Thank You May I Have Another

Here’s my life in extreme excesses, starting with my most relevant literary exercises, since this is a blog about writing and all.  Don’t worry, I’ll mention Paris too.

Rejection Letters
In the past 2 weeks, ninety-five percent of every literary publication to which I submitted work during the 4th quarter of 2015 has finally acknowledged my creative incompetence.  I’ll spare you the verbiage, but every one of these rejection letters includes the word “sorry.”  You know what I’m sorry about right now?  Yeah, me neither.  But I’ll think of something.

To give creds where creds are due, here are the esteemed journals which recognized my non-talent during the past 14 days:  A Public Space rejected Quittin’ Time; The Bastille rejected The Switch *and I quote, the editors were divided on this; Berkeley Fiction Review rejected Finish What You Start; The Adirondack Review rejected Choices; and NANO Fiction rejected Catching Up With the Folks, although to be fair, I went over the word count in my special self-sabotaging way, which they pointed out, regretfully.



Acceptance Letters
Oh, but I almost forgot!  I’m not a total failure.  The stories I’ve written so far in this calendar year 2016 are gaining traction.  I guess the experts were right about that Practice Makes Perfect thing.  Most significantly, a short story I finalized in February, “Dinner at the Club” was Long-Listed in the Mogford Literary Prize for Food and Drink Fiction.  That means it was ranked in the top 16 entries out of over 600, and it will be available in a chapbook with others from the Long List.  So.  Shit.

Writing Projects
I’m busy in 2016 stitching together my book of short stories, Guns of the Borough.  To make it into my collection, the piece must A. be written by moi, B. take place in the fictional Borough, C. contain a firearm, D. receive three or more rejections, E. marinate six months, and F. pass The Bestie Test.  The last requirement isn’t that difficult, to be honest, since The Bestie loves everything I do, as long as I keep reminding her that she’s as beautiful as Marion Cotillard and as hilarious as Tina Fey.

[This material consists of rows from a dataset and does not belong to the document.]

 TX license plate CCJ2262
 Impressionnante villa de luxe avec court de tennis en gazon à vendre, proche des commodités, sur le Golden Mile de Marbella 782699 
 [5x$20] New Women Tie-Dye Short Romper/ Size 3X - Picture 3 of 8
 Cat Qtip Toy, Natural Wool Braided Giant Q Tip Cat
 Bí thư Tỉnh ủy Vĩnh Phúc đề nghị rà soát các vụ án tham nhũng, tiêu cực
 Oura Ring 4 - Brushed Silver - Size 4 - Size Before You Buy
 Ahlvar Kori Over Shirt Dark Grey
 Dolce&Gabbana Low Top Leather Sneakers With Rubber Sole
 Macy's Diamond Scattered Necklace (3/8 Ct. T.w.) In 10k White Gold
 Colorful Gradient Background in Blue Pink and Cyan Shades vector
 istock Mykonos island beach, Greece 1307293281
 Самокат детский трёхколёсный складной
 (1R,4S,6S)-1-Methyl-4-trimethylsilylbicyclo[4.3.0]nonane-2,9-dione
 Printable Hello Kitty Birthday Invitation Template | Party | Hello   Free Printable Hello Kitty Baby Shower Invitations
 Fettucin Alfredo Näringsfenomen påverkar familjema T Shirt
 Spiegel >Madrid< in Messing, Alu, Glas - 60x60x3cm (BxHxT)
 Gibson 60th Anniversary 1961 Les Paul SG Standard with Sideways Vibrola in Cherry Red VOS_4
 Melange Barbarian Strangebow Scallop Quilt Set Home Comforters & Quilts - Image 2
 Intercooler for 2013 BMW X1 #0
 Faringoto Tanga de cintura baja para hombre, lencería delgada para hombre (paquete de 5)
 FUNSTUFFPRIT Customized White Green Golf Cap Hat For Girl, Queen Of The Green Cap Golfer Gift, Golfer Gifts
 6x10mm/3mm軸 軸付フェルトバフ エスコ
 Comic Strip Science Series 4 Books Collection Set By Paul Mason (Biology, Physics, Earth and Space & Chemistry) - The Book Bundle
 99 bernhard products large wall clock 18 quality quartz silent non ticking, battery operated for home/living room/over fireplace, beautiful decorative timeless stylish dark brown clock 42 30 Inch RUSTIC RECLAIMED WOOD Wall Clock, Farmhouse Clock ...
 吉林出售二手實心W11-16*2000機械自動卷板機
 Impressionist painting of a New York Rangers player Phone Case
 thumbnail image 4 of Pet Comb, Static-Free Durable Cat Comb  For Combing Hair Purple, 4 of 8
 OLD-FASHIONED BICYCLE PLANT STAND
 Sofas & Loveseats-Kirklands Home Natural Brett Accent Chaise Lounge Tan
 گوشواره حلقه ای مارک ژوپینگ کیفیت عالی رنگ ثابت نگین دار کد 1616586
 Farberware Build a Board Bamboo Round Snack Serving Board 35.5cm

I’m still on hiatus from writing my novel, although the characters continue to grow and develop, the plot thickens, and I’m now able to look at my opening pages with deeper perspective.  This means I will eventually try another re-write.  For now, I’ll continue to formally study the craft, art, logic and science of writing.  I’ll continue to practice with short stories, and continue to celebrate my rejection letters.  Because I’m telling you, I. Am. Improving.

House of Cards
I binged.  The Bestie binged too, except she binged harder than I binged.

Baseball Season
It's that time.

Cancer
Yep, cancer’s a bitch.  The only thing worse than going through cancer is watching your kid go through cancer.  Fuck that jawn.  But if you require a more positive outlook, click here.



Miznon Paris
Located at 22 rue des Ecouffes (Le Marais), Miznon is a petit slice of kosher heaven offering gourmet pitas and fresh vegetables prepared in front of your very eyes with a magical touch.  My favorite specialty kebabs include beef bourguignon, chicken salad, spicy fish, and lamb meatballs.  Don’t even try to get out of there without gobbling up their famous roasted cauliflower or marinated green beans.  I ate at Miznon an embarrassing number of times in the past month.  I even ate there on Easter Sunday, which makes me especially holy.




I just thought of something I’m sorry for.  I tried to recreate that damn roasted cauliflower in my own kitchen and failed something miserable.  No, wait.  I’m sorry for every loud American tourist on the Paris Metro.  Oh!  And I’m sorry that the Montgomery County, Pennsylvania child support system is so catastrophically ignorant.